Now I know this is dragging on a bit, but there’s one more bit of kit I need to make this all work. To get the two bouzouki audio signals into the iPod I need an audio interface. There’s loads of options available for this ranging from really portable and cheap to full on studio quality. The thing is, being a gear addict I also need something to create other guitar effects like delays, reverbs or whatever. With the laptop I just enabled virtual guitar effect plugins as and when I needed them, but I don’t want to overload my pour tiny iPod with yet another load of plugins. So after some digging I’ve found something that kills these two birds with the same stone.
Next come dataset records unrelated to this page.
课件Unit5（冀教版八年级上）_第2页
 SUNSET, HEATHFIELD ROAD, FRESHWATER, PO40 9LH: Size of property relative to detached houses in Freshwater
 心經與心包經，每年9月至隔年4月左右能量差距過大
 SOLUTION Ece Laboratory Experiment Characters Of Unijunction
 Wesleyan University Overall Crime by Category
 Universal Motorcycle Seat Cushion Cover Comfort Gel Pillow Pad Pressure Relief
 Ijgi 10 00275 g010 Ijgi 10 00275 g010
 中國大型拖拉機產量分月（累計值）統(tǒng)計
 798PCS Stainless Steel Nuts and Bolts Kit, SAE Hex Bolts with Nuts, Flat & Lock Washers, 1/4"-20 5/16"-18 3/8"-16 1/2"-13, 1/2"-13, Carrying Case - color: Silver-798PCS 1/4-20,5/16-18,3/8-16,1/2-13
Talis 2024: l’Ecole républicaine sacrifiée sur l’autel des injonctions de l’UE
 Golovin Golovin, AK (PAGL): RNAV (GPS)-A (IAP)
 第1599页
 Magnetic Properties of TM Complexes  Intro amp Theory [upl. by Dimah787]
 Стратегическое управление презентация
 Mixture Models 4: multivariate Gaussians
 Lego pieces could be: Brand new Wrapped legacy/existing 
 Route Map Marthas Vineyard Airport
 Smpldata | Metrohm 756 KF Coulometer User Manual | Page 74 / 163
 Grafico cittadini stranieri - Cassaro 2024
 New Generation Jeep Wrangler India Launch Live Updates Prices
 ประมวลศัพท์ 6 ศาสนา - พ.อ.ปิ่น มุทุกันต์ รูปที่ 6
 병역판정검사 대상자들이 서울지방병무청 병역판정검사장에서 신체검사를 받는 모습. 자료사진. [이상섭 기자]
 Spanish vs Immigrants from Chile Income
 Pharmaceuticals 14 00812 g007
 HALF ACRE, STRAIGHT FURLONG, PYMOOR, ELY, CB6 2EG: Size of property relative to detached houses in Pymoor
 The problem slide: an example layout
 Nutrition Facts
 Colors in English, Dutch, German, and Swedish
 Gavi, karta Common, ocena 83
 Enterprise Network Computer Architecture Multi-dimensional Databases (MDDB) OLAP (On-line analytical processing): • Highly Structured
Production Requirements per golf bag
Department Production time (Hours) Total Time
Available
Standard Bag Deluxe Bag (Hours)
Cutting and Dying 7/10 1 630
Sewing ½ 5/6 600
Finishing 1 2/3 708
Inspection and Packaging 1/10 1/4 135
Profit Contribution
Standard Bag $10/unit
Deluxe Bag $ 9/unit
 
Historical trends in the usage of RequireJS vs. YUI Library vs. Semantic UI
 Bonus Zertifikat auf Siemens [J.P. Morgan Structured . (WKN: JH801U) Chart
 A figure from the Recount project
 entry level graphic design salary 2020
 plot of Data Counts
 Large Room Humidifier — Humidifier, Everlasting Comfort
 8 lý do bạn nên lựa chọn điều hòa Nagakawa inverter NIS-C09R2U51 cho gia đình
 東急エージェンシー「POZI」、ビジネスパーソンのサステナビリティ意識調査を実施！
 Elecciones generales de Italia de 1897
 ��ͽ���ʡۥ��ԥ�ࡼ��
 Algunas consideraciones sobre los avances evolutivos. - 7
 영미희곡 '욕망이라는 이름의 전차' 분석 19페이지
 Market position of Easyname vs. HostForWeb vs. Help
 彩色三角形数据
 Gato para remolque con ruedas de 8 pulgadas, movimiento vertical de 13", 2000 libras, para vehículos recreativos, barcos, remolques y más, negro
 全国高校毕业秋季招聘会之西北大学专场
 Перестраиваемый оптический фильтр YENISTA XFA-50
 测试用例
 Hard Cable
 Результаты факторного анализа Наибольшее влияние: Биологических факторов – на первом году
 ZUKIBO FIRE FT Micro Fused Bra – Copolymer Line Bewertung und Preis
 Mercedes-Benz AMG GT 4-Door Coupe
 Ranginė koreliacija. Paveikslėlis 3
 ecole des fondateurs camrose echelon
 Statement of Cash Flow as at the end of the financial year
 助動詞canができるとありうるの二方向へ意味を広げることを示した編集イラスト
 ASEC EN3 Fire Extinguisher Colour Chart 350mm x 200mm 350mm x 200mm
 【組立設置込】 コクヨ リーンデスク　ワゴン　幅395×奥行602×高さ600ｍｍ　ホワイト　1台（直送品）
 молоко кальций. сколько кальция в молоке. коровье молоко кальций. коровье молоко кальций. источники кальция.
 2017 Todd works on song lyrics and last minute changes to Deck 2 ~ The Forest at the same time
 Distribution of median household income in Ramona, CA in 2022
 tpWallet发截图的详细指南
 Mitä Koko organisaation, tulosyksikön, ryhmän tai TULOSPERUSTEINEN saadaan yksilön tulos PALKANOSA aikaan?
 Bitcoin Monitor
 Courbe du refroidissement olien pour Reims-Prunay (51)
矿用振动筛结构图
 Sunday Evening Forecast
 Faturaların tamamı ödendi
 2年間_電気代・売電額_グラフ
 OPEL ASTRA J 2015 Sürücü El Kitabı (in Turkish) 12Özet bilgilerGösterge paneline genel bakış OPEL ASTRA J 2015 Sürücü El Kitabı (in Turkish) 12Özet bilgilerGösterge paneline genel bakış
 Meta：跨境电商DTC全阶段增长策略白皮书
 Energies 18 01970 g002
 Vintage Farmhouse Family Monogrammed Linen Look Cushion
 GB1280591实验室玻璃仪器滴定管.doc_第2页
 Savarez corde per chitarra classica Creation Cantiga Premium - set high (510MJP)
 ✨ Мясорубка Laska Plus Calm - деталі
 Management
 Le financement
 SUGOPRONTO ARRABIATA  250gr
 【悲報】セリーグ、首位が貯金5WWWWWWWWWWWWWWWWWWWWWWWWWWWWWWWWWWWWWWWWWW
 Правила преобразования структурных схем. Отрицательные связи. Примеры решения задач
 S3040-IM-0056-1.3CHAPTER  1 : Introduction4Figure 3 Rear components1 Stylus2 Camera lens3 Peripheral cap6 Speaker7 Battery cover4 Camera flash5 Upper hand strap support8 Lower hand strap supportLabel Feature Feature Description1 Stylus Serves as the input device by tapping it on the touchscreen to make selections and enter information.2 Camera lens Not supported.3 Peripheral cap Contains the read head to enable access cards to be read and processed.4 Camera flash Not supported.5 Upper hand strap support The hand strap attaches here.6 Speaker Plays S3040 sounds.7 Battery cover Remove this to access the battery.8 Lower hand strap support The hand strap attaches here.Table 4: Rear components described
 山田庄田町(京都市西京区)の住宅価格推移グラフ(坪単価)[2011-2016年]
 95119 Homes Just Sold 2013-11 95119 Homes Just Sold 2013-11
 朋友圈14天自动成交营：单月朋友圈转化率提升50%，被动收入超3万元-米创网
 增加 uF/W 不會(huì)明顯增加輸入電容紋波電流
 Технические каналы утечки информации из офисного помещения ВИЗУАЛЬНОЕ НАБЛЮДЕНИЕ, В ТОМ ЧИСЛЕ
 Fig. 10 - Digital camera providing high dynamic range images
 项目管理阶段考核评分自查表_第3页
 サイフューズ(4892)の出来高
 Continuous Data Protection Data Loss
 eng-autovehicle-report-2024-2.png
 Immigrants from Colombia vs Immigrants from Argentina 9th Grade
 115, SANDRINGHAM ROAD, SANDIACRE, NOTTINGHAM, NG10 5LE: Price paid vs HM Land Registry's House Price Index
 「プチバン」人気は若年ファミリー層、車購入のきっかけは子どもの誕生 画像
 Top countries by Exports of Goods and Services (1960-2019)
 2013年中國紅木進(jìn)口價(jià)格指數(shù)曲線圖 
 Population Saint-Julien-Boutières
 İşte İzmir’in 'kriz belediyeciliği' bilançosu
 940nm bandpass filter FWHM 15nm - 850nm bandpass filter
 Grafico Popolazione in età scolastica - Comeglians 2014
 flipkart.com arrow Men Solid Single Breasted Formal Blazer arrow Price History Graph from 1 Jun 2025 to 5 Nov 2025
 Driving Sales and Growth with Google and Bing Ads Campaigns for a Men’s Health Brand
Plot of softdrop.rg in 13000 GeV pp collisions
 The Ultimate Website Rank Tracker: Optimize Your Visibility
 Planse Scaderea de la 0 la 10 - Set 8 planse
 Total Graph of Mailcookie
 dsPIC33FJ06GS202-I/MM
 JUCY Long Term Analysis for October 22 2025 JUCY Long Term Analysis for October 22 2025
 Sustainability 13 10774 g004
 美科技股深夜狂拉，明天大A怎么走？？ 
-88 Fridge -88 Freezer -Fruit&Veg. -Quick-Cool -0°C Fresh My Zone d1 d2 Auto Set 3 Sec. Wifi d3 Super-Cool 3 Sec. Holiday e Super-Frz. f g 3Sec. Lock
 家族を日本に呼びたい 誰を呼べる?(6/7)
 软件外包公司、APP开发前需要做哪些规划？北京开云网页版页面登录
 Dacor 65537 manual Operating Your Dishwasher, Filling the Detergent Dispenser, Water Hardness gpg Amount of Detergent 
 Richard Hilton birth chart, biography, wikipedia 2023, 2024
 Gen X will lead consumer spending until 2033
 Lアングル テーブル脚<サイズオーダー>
Line 6 have a compact multi-effect pedal that also acts as a USB audio interface, the HX Stomp. Plug this into a tiny USB hub along with the Sonuus Guitar MIDI dongle and my MIDI foot controller pedal, plug that USB hub into the iPod Touch via Apple’s lightning to USB camera dongle (allows it to charge at the same time) and everything is now going into the iPod. The apps sort out the bass and strings sounds, the output from these apps comes out from the Line 6 HX Stomp and straight out to the sound desk. The Line 6 handles any other random guitar effects I need, and I’ve got another output from that going into a headphone monitor amp that mixes this together with a stereo monitor mix from the monitor guy. This then all feeds into possibly the most used and appreciated gear purchase I’ve made in the last few years… my Vision Ears IEMs. Without adding too much more info to this already way too long gear related post, I literally use these every day, from watching Netflix on flights, listening to music, and of course when gigging.

They sound actually incredible and fit so well you don’t know they’re even there.

So, could this be it? Have I finally reached the end of my gear buying habit? Well probably not, but hopefully this latest buying spree will satisfy my gigging needs for at least a few years.